Is there a good way to search against unstructured data?

SergioM · February 17, 2022, 8:48pm

I've imported my emails directly to a SQL server database. So I have one table with just blobs of unstructured data. And I also have a product table in my database.

Example:

Is there an efficient (or semi-reasonable) way to query to see if each SKU (product id) exists in that unstructured blob? I have 50K products, and 1K emails like this.

If it is not reasonable to do in TSQL, I would use Python/Regex, but this would be easier.

Lets assume that the data looks like this.
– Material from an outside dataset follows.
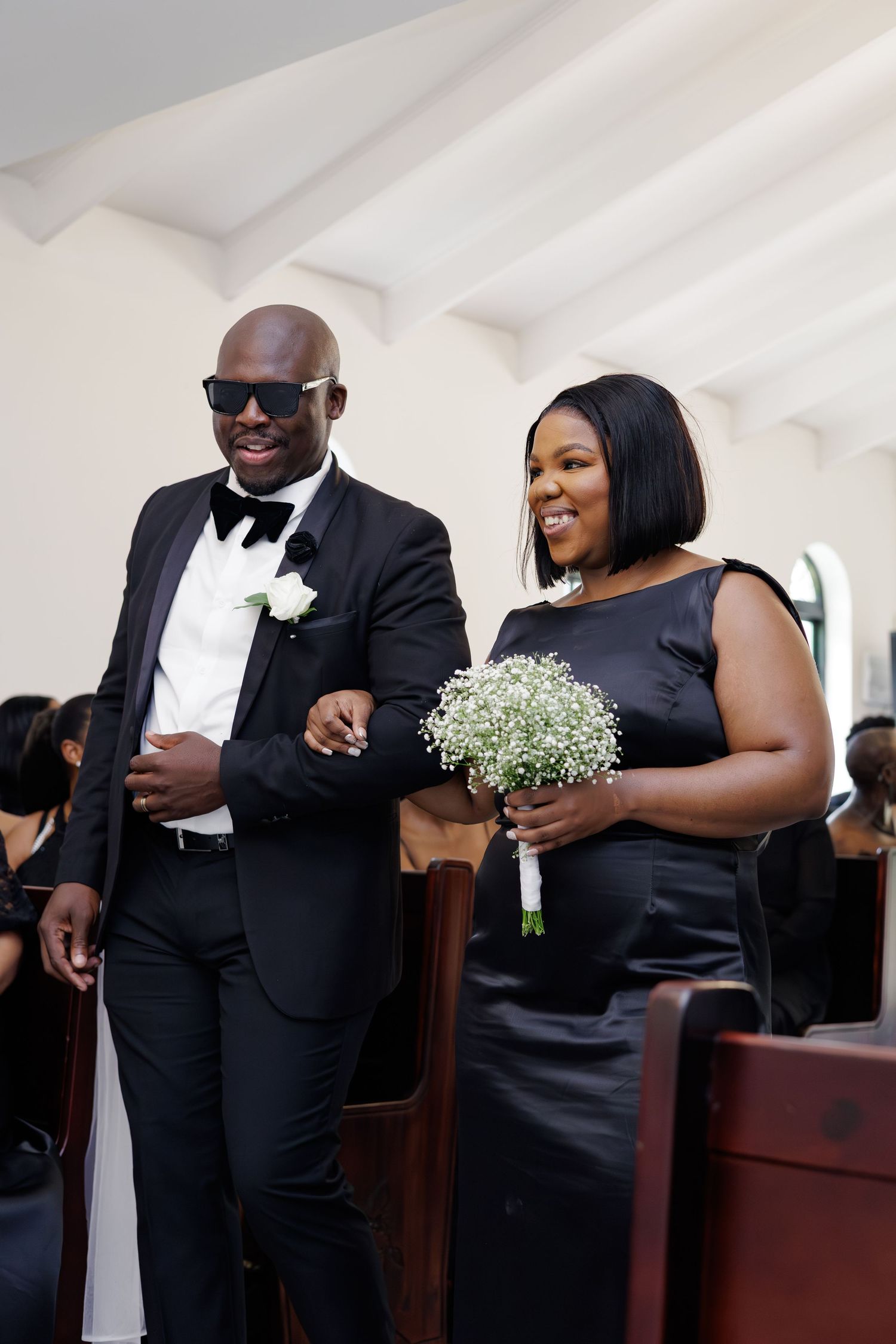 Smiling groomsman in sunglasses escorts bridesmaid in black dress down church aisle.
CREATE TABLE #email_content (email_blob nvarchar(max));
INSERT INTO #email_content (email_blob) VALUES ('Some content to extract a unique thing UniqueID123.  More data, not structured');

CREATE TABLE #product_table (sku nvarchar(max));
INSERT INTO #product_table (sku) 
VALUES ('UniqueID123')
	, ('UniqueID456')
	, ('UniqueID789')
	, ('UniqueIDABC')
	, ('UniqueIDDEF')
	, ('UniqueIDGHI')
	;

EDIT - this is my first crack at it. Though I don't know if it can be made more efficient

SELECT
	[eco].[email_blob]
	, [pta].[sku]
FROM #email_content eco
CROSS APPLY #product_table pta
WHERE [eco].[email_blob] LIKE '%' + [pta].[sku] +  '%'

ScottPletcher · February 17, 2022, 9:19pm

For only 1K emails, that general approach should be workable.

Can more than one (of the 50K) skus be mentioned in the same email?

SergioM · February 17, 2022, 9:21pm

Great. I do think 1K is the upper limit. Once data is extracted I plan on flagging those rows so that they are not re-processed.

Yes, in reality I simplified the use-case for the post. But a SKU can appear more than once & there are actually several unique identifiers that I will be comparing against. I just figured it was the same thing, but again.

ScottPletcher · February 17, 2022, 9:31pm

If there can be more than one sku, you'll need some type of loop to find them all. A well-written function can actually perform well for that.